Thursday, May 24, 2012
First of all, the plural of hit-and-run should be hits-and-runs, or hits-and-run. It absolutely is not hit-and-runs. Regardless, the strategy is usually a bad idea.
Now, Juan Pierre led off the bottom of the first inning with a 4-pitch walk from Edwin Jackson. Placido Polanco correctly took the next two pitches (pitch 1 was a ball, pitch 2 a called strike). Polanco managed to lay off the third pitch, also out of the strike zone. At this point, Jackson had thrown 6 out of his first 7 pitches out of the strike zone. He is the owner of a career 3.6 BB/9 ratio, which is certainly above average for a starting pitcher. For whatever reason, Charlie Manuel chose to send Juan Pierre in motion and force Polanco to swing at the next pitch, regardless of its location. The pitch was not a good one; it was a high breaking ball that ended up at the top of the strike zone, but a couple inches outside. It most likely would have been a ball, especially since Jackson missed his spot badly.
Instead of taking the pitch for ball 3, Polanco had to swing. He lofted a lazy fly ball to right, Juan Pierre was deked into not returning to first base (his baserunning has not been good this season, yet another reason this is dumb), and the Phillies turned a meltdown from Jackson into a 2-out, nobody on situation.
I love how Manuel accuses his players of "pressing", yet he seems to be the only one forcing the issue (no, Hunter Pence treating the National League like AAU baseball does not count, because he always swings at everything). Certainly, part of the reasoning from Manuel is that he wants to stay out of the double play. Aside from the fact that reasoning is exactly why Polanco should not be batting second, it's absurd, because the hit and run caused the double play last night.

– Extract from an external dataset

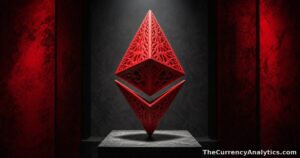 Ethereum Eyes 200 Million Gas Limit as Glamsterdam Testing Kicks Off October 6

To make matters even more comical, Hunter Pence swung at a 3-0 pitch out of the strike zone to end the inning after the outrageous double play. The starting pitcher threw 11 of his first 12 pitches out of the strike zone (the Phillies actually managed to not swing at 9 of those 11), and he got a 1-2-3 inning simply because of the manager's asinine strategy.
This should have been a blowout from the start, but, unfortunately, it was "only" 3-0 heading into the bottom of the 8th inning. Naturally, Jonathan Papelbon was warming up for the almighty save situation, and with 2 outs, Shane Victorino hit a left-handed home run to make it 4-0. Papelbon came into the game anyway, allowing 1 run while throwing an unnecessary 22 pitches.
There are two reasons for Papelbon's appearance. The first is that it was a save situation when he warmed up, so they'd might as well use him after it gets to 4-0. Secondly, Papelbon had not appeared since May 17, so he "needs the work."
Here's the problem with the first reason: your win expectancy barely changes when you go from a 3-run lead to a 4-run lead at home. Using the win expectancy finder, home teams win 3-run, ninth inning leads at a 98.9% chance; 4-run leads at a 97.9% (for comparison, a 2 run lead is only 94%). We have stated in the past that 3-run leads should not be handed to the closer every time, and 4-run leads should seldom be entrusted to your top reliever. The main reason is this: if he runs into trouble, there is no one left to come in and bail him out. In other words, you're sending your closer into a possible 50-pitch inning just to secure a 4-run lead (yes, Hunter Pence, it is possible to see 50 pitches without scoring 4 runs).
Now, because Manuel had Papelbon throw 22 irrelevant pitches last night, it's very possible that he ends up unavailable at some point this week (there are 7 straight games until an off-day). With the absurd heat in St. Louis combined with the Cards' offense, CGs seem unlikely this weekend -- especially with both Kendrick and Blanton scheduled. If Papelbon needs in-game work in order to stay fresh, then he should not be automatically unavailable after 3 straight appearances. If he needs in-game work and cannot pitch more than three straight days, then he shouldn't be getting 50 million dollars. (Amaro already knew this is how Manuel manages, though, so he has no excuse).
Remember, this is the guy who watched the team blow FIVE late-inning leads in the first month (all ending in defeat) without ever appearing, because the coaching staff didn't want to overuse him. Now, he's throwing 22 pitches in a de facto blowout. It's no accident this team has a positive run differential and a losing record.
I suppose at this point it is irrational to expect anything besides the irrational, but at least we will all be watching the Sixers on Saturday as Chad Qualls allows a walk-off homer to Beltran.
Tonight the Phillies head to baseball's Hell on Earth, as Big Joe Blanton faces RHP Jake Westbrook at 8:15 pm in St. Louis. Brace yourself for Chris Wheeler's over-the-top compliments of that ridiculous fanbase.